SAN FRANCESCO E IL VANGELO 19
SABATO 19 GENNAIO 2019
S.EUSTOCHIA CALAFATO
S.EUSTOCHIA CALAFATO
MARCO 2,13-17
Non sono venuto a chiamare i giusti, ma i peccatori.
Non sono venuto a chiamare i giusti, ma i peccatori.
+ Dal Vangelo secondo Marco
In quel tempo, Gesù uscì di nuovo lungo il mare; tutta la folla veniva a lui ed egli insegnava loro. Passando, vide Levi, il figlio di Alfeo, seduto al banco delle imposte, e gli disse: «Seguimi». Ed egli si alzò e lo seguì.
Mentre stava a tavola in casa di lui, anche molti pubblicani e peccatori erano a tavola con Gesù e i suoi discepoli; erano molti infatti quelli che lo seguivano. Allora gli scribi dei farisei, vedendolo mangiare con i peccatori e i pubblicani, dicevano ai suoi discepoli: «Perché mangia e beve insieme ai pubblicani e ai peccatori?».

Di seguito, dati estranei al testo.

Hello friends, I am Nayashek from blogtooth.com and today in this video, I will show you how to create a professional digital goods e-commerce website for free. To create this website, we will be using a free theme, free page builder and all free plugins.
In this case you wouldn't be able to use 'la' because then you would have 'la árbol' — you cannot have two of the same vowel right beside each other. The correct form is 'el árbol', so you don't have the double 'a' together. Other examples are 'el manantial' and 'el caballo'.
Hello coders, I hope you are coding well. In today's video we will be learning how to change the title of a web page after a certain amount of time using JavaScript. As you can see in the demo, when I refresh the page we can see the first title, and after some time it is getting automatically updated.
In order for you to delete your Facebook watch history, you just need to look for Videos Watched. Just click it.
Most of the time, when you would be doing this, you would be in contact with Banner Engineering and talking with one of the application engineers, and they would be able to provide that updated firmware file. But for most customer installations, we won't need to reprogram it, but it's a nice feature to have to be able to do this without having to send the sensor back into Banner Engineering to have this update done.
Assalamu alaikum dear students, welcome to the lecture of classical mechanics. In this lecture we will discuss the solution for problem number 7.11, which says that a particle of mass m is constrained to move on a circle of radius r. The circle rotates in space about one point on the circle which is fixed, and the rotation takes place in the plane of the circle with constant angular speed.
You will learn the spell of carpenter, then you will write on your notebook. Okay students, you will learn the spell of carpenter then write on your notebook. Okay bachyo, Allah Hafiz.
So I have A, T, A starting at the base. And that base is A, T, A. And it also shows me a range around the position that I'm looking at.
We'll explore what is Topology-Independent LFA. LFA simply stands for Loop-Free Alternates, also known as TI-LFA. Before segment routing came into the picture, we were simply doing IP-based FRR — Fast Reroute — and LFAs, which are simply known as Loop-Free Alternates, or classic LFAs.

Udito questo, Gesù disse loro: «Non sono i sani che hanno bisogno del medico, ma i malati; io non sono venuto a chiamare i giusti, ma i peccatori».
Parola del Signore
DALLE FONTI
Vita Seconda di Tommaso da Celano 649
Vita Seconda di Tommaso da Celano 649
Nei giacigli e nei letti abbondava così ricca povertà che se uno poteva avere qualche povero panno consunto sulla paglia, lo considerava un letto nuziale.
Mentre si teneva il Capitolo a Santa Maria della Porziuncola, il Signor di Ostia con largo seguito di cavalieri e di ecclesiastici si recò là a fare visita ai frati. Al vedere come i frati dormivano per terra ed osservando i letti,--che avresti creduto covili di fiere--scoppiò in lacrime amare: « Ecco, dove dormono i frati! » esclamò di fronte a tutti, ed aggiunse: «Cosa sarà di noi miseri, che usiamo malamente di tante cose superflue?».

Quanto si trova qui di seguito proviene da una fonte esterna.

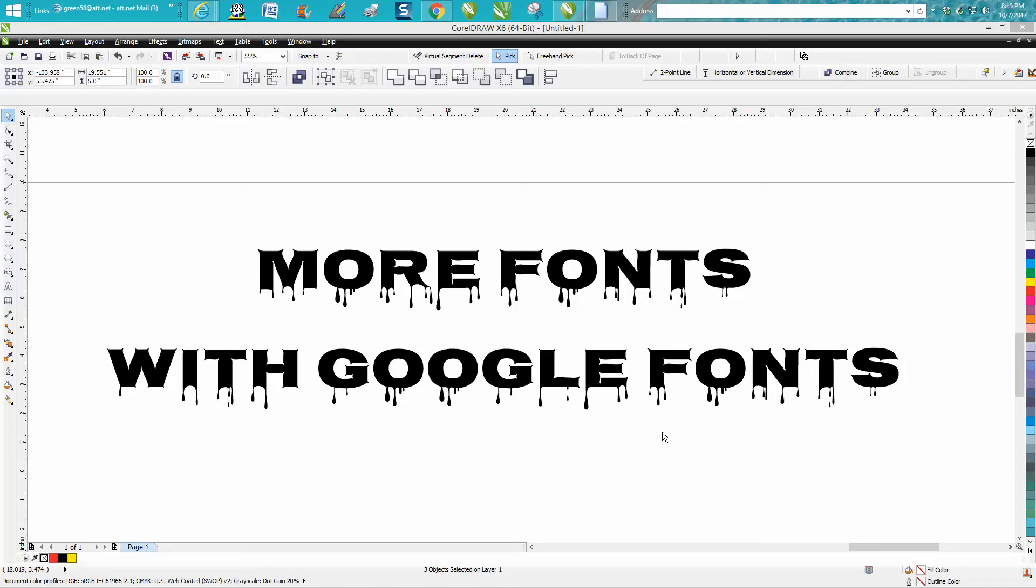Hi, it's me again with CorelDRAW tips and tricks. And this video isn't going to be too much about CorelDRAW, it's about finding new fonts.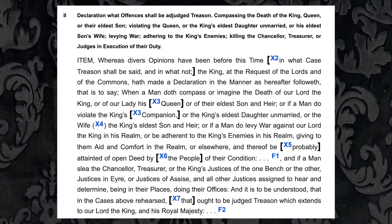So, what is the official definition of treason as per the law? Declaration of what offenses shall be adjudged treason: compassing the death of the king, queen, or their eldest son; violating the queen, or the king's eldest daughter unmarried, or his eldest son's wife; levying war; adhering to the king's enemies; killing the chancellor, treasurer, or judges in execution of their duty.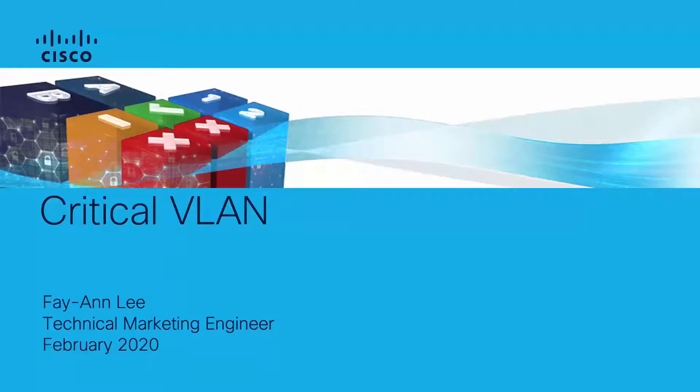Hello everyone, my name is Faye Ann Lee and I am a technical marketing engineer. Welcome to Cisco's SD-Access channel where we share updates on the features and technologies of Cisco's SD-Access solution.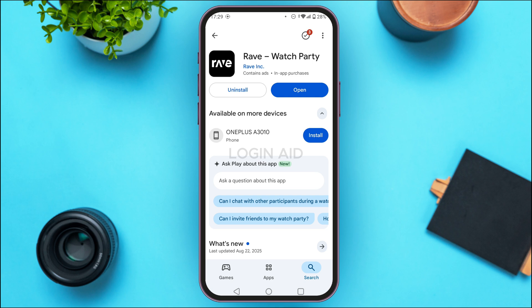If your application is already updated, instead of the Update option you'll find the option for Open, which means you do not need to update. But if you find the Update option, tap on it and wait for a while — your application will be updated.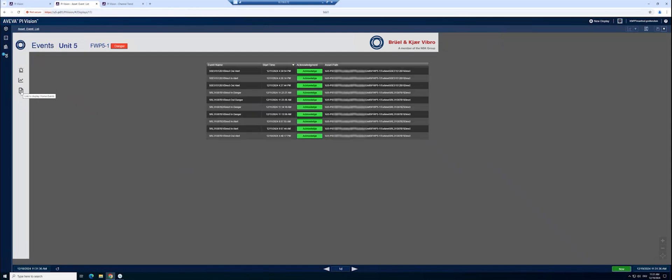In the event list, all events are presented and can be acknowledged with the Acknowledged button once an issue has been resolved.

Tutti i presenti, commossi sino alle lacrime, si allontanarono assai edificati.
Questi era il Signore d'Ostia, che fatto poi porta massima della Chiesa, si oppose sempre ai nemici, fino a che rese al cielo, come ostia santa, I'anima beata.

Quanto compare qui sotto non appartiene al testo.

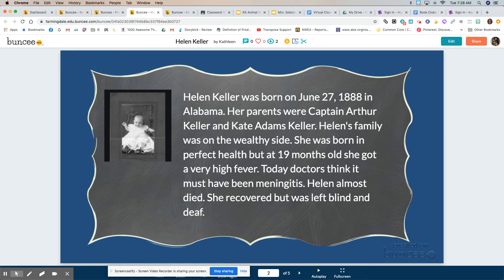I went back to find information but then I wrote it in my own way. It's a picture of Helen when she was a baby. Helen Keller was born on June 27th, 1880, in Alabama. Her parents were Captain Arthur Keller and Kate Adams Keller. Helen's family was on the wealthy side. She was born in perfect health but at 19 months old she got a very high fever. Today doctors think it must have been meningitis. Helen almost died. She recovered but was left blind and deaf.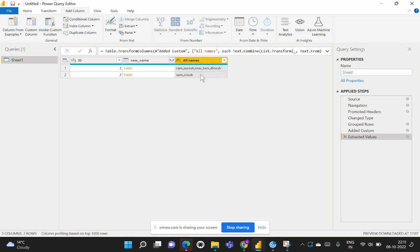Now if you observe, we have got the required transformation being applied on the input data. This is how we're expecting to see in the output, where based on my ID we'd like to combine all the names separated by a comma delimiter and have the data being displayed. I hope this video is helpful to analyze and understand how simple it is to apply these transformation steps by using the given function or the capabilities inbuilt within Power Query Editor.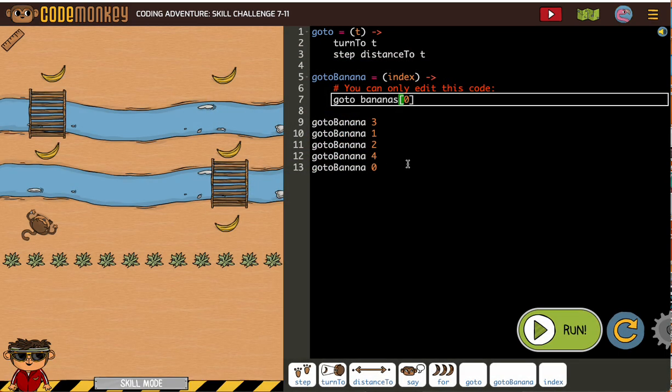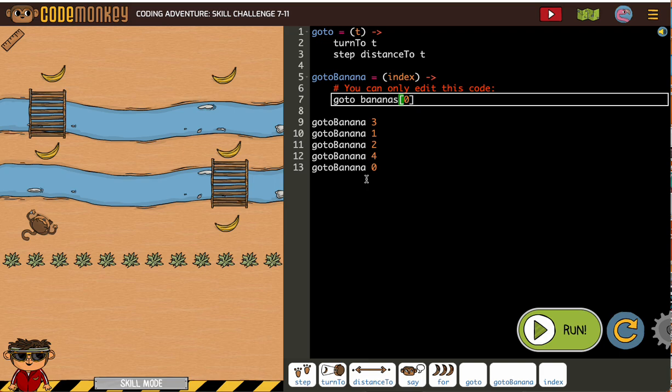And they've done most of this for us, right? They filled out our GoTo function. They've got the bananas in the order we're going to collect them. I assume they did what makes the most sense. So they've put them in the order we want.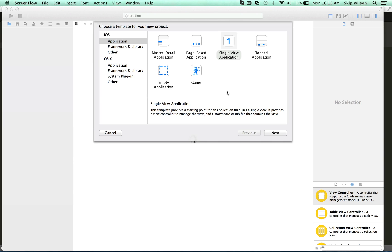Hi there. I'm going to talk about constraints and the new sizing classes, and we're going to talk about how you can apply these. They can be a little bit confusing, and the documentation on them isn't that great, so I'm going to show you what I have learned.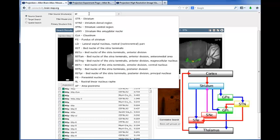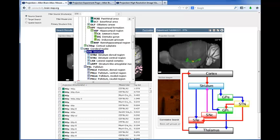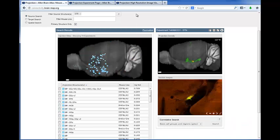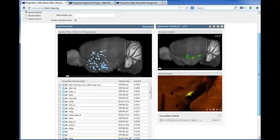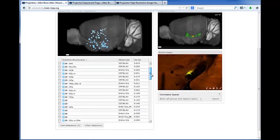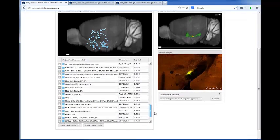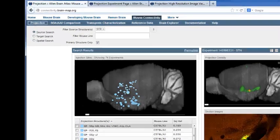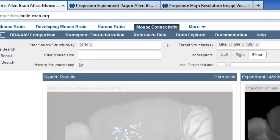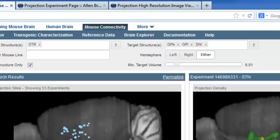If we go back to our connectivity model, we see that the striatum is predicted to project to several structures. When we enter the striatum as the source structure, you'll notice there are over 70 experiments to browse through. To further filter the number of experiments, you can perform a target search and limit the experiments to those that project to specific structures.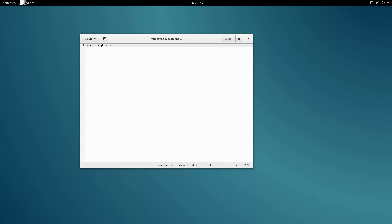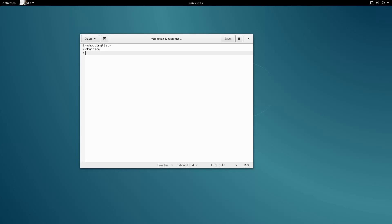There we go — our first tag. After our tag, we can type our shopping list. Something like chainsaw and bandages. To make our list more organized, why don't we put each item in its own tag?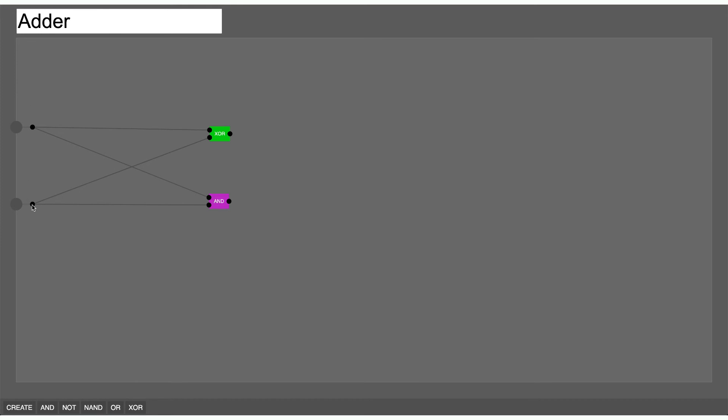If one of them is on then the XOR will output on and the AND will output off, so that makes zero one which is one. So one plus zero is one, so that's good. One plus one would make the AND gate on and the XOR gate off, so that would get us one zero which is two in binary.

O cuore generoso, o viscere di carità! Posto in alto, si affliggeva di non avere alti meriti, mentre in realtà era più insigne per la virtù che per la dignità.
MEDITAZIONE
Gesù sceglie uno dei suoi discepoli fra i pubblici peccatori. Vuol indicare con questo che tutti gli uomini sono peccatori e che Egli è venuto per salvare chi riconosce di aver bisogno di salvezza.In Dio, giustizia e misericordia sono inseparabili .Anche Francesco, giovane e peccatore, fu chiamato da Dio per svolgere un compito molto importante. Egli aveva altri progetti, ma erano progetti umani e non capiva...."" Trascorre circa un anno nella solitudine, nella preghiera, nel servizio ai lebbrosi, fino a rinunciare pubblicamente, nel 1206, all’eredità paterna nelle mani del vescovo Guido e assumendo, di conseguenza, la condizione canonica di penitente volontario. Francesco veste l’abito da eremita continuando a dedicarsi all’assistenza dei lebbrosi e al restauro materiale di alcune chiese in rovina del contado assisano dopo che a San Damiano aveva udito nuovamente la voce del Signore dirgli attraverso l’icona del Crocifisso: «Francesco va’, ripara la mia casa che, come vedi, è tutta in rovina»"". (FF 593).
PREGHIERA
Signore Gesù, sedendoti alla tavola dei peccatori non hai avuto paura del disprezzo dei "giusti" che credono di non aver bisogno della tua salvezza. Accresci in noi la consapevolezza delle nostre colpe, perchè, qualunque sia la nostra situazione, ti chiamiamo in aiuto., Tu che ci guarisci per sempre e vivi nei secoli dei secoli.
ACTIONES NOSTRAS”
(Indulgenza parziale se recitata ogni giorno)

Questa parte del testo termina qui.